Situs Resmi Komisi Bimbingan dan Dakwah Syura Ahlulbait Indonesia (ABI)
 

Mengapa Rasulullah SAW Lebih Utama dari Nabi-Nabi Terdahulu?

Seorang Yahudi berkata dengan nada menantang kepada Rasulullah SAW, “Nabi Musa AS lebih baik darimu, karena ia menerima empat ribu kata dari Tuhannya, sedangkan Tuhan tidak berbicara sepatah kata pun denganmu!” Rasulullah SAW dengan tenang menjawab, “Aku telah diberi sesuatu yang lebih utama dari itu. Aku diberikan makna yang lebih besar daripada empat ribu kata yang diterima Musa AS.”

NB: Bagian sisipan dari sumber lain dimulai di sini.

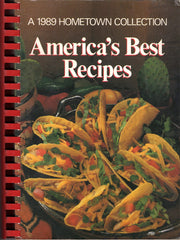 America's Best Recipes, 1989: A 1989 Hometown Collection
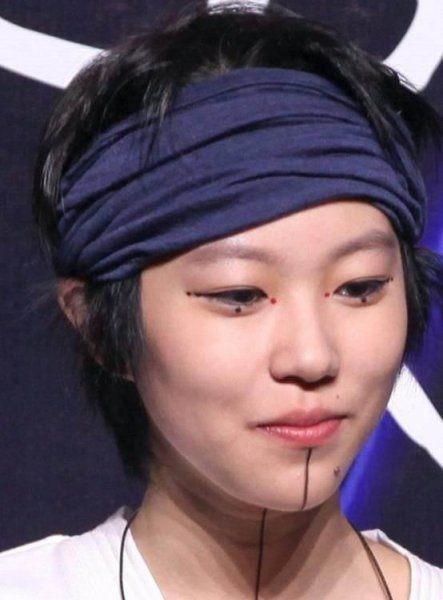 窦靖童和周迅结婚了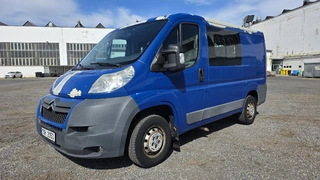 MÉDEA 12 - CITROEN JUMPER 1AR 2053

Lalu Yahudi itu bertanya, “Apa itu?” Rasulullah SAW menjawab, “Firman Allah SWT: ‘Mahasuci Allah yang telah memperjalankan hamba-Nya di malam hari dari Masjidil Haram ke Masjidil Aqsa yang Kami berkati sekelilingnya.’ (QS. al-Isra: 1)”

Rasulullah SAW menjelaskan, “Saat Isra Mikraj, aku dibawa oleh Jibril AS dan mendengar suara dari Arsy yang berkata, ‘Akulah Allah.’ Pada saat itu, aku melihat Allah, bukan dengan mata lahirku, tetapi dengan mata hati (Fa ra’aytu biqalbi ma ra’aytu bi ayni).”

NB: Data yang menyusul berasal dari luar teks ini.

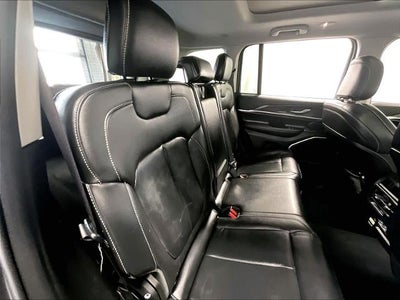 2022 Jeep Grand Cherokee Limited 4x4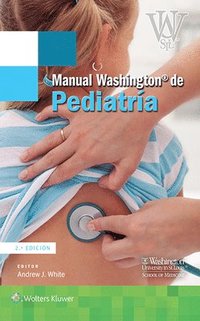 bokomslag Manual Washington de pediatria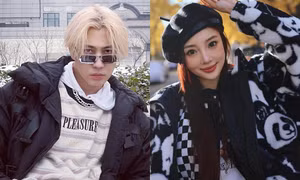 Lý Tiểu Lộ hẹn hò rapper kém 12 tuổi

Lebih lanjut, Rasulullah SAW menegaskan bahwa ia diberi kehormatan untuk bertemu langsung dengan Allah, sebuah pengalaman yang jauh lebih besar dari apa yang diterima oleh Nabi Musa AS. Apa yang diterima Nabi Musa AS hanyalah cabang-cabang (furu’) dari pokok (ushul) yang diterima Rasulullah SAW. Rahasia keutamaan ini terletak pada wajah Rasulullah SAW yang selalu terarah kepada Allah, sebagaimana diisyaratkan dalam ayat: “Pada hari itu, wajah-wajah berseri-seri memandang kepada Tuhannya” (QS. al-Qiyamah: 22-23).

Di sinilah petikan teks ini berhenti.